B.     Spread across country

                                                            1.      from < 15% in 1985 [slide 1]

                                                            2.      to > 25% in 2006 [slide 22]

II.                 Introduction [slide 24]

A.     Obesity

                                                            1.      Major public health issue

                                                            2.      Has physical, environmental, and genetic influences

B.     Is

                                                            1.      Related to consumption

                                                            2.      Result from high caloric intake

C.     This lecture reviews the following [slide 25]

                                                            1.      Definition and epidemiology

                                                            2.      Comorbid illness

                                                            3.      Mechanism of disease

                                                            4.      Treatment


III.               Obesity

A.     Defined [slide 26]

                                                            1.      Measured through the body mass index (BMI)

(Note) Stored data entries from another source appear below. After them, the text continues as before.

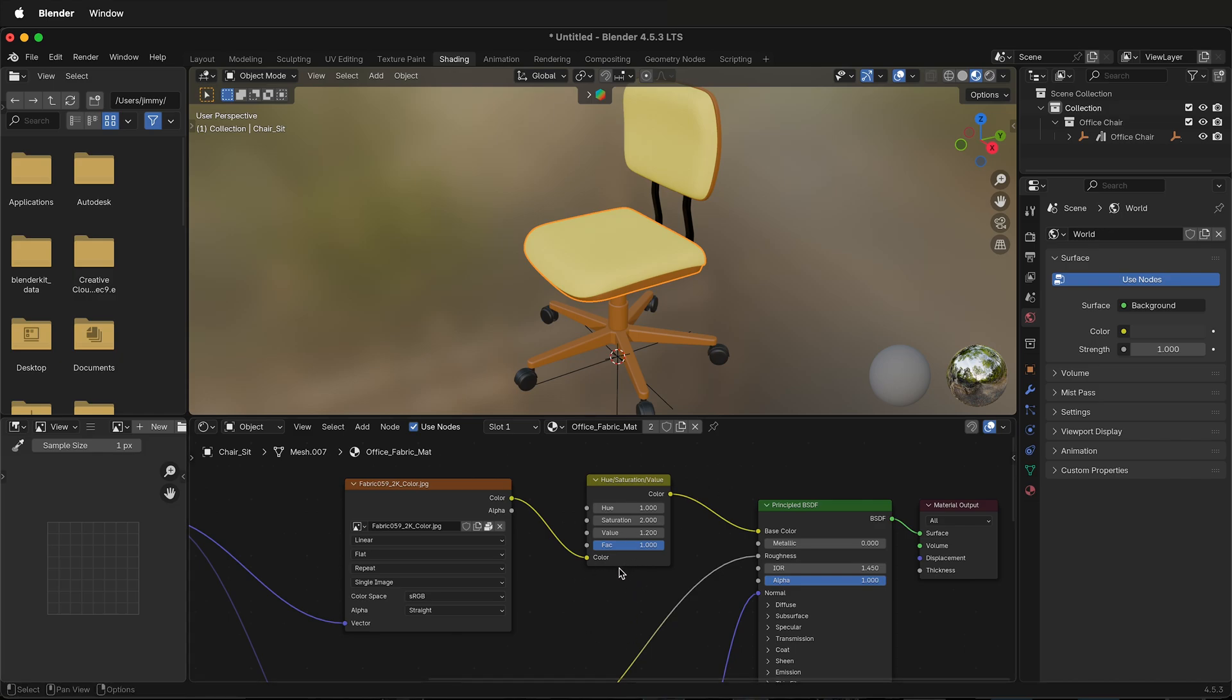And the best thing about this, this is animatable and non-destructive. So this is another way to change the color or the hue of an image texture in Blender using the shading nodes. Happy 3D modeling!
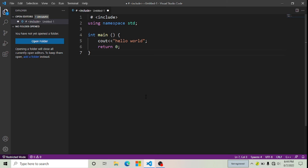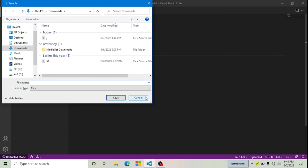The third point is how you can save files in VS Code — this is the most asked question in my videos. If you want to save a file in Visual Studio Code, press Ctrl+S. I'm pressing Ctrl+S now, giving it a name, and saving it in Downloads.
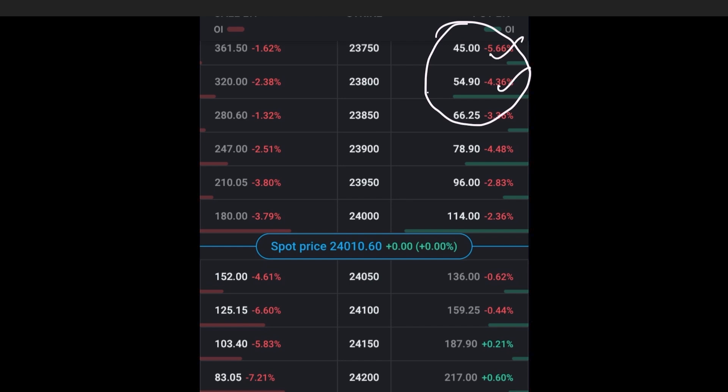Note the difference between their strike prices. Here it is 50. So you sell the costlier one and buy the cheaper one.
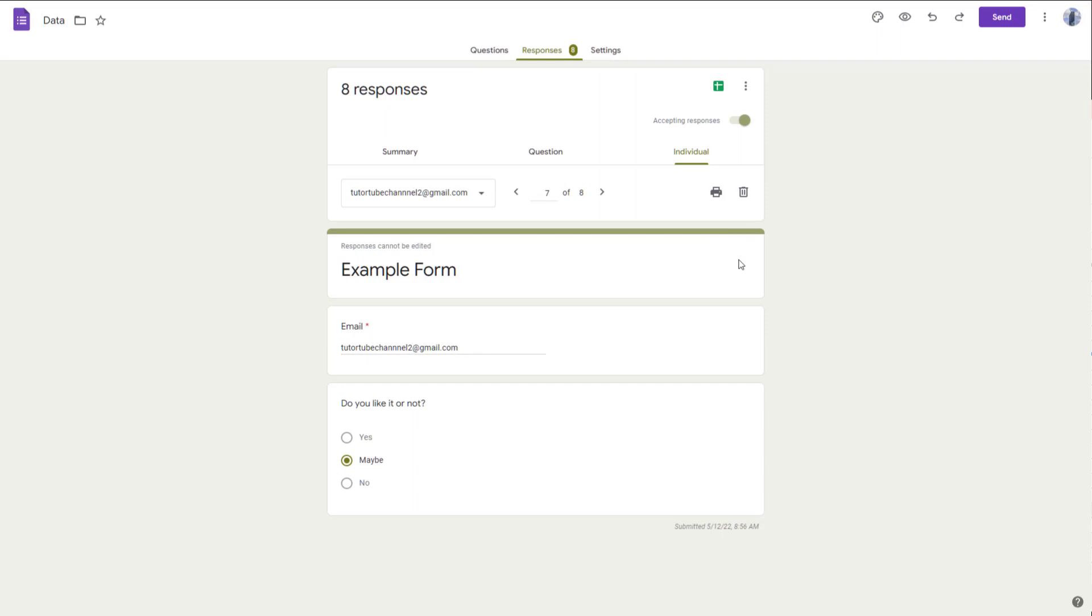So for historical records, the sheet is always there for you to access even if you delete the form.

                                                            2.       BMI defined as weight in kilograms / height in meters squared

                                                            3.      Normal weight - BMI 18.5-24.9

                                                            4.      Overweight - BMI 25.0-29.9

                                                            5.      Obesity - BMI ≥ 30.0 [2]

a.       Class I BMI 30.0-34.9

b.      Class II BMI 35.0-39.9

c.       Class III (extreme) BMI ≥ 40.0

B.     Obesity epidemiology [3] [slide 27]

                                                            1.      66% US population ≥ 20 yrs overweight or obese

a.       32% obese

b.      5% extreme obesity

                                                            2.      Mexican American 76% overweight or obese

                                                            3.      Non-Hispanic Black 76%

                                                            4.      Non-Hispanic White 64%

                                                            5.      non-Hispanic white women 36%

                                                            6.      Mexican American women 50%

                                                            7.      Non-Hispanic black women 65%

C.     We now move from [slide 28]

                                                            1.      Definition and epidemiology to

                                                            2.      Comorbid illness

D.     Obesity morbidity and mortality [slide 29]

                                                            1.      300,000 obesity-related deaths in US per year [4]

                                                            2.      5x ↑ risk for diabetes [5]

                                                            3.      5x ↑ risk for gallbladder disease [5]

                                                            4.      Mood disorders (depression and bipolar) 18% in non-obese v. 22% in obese [6]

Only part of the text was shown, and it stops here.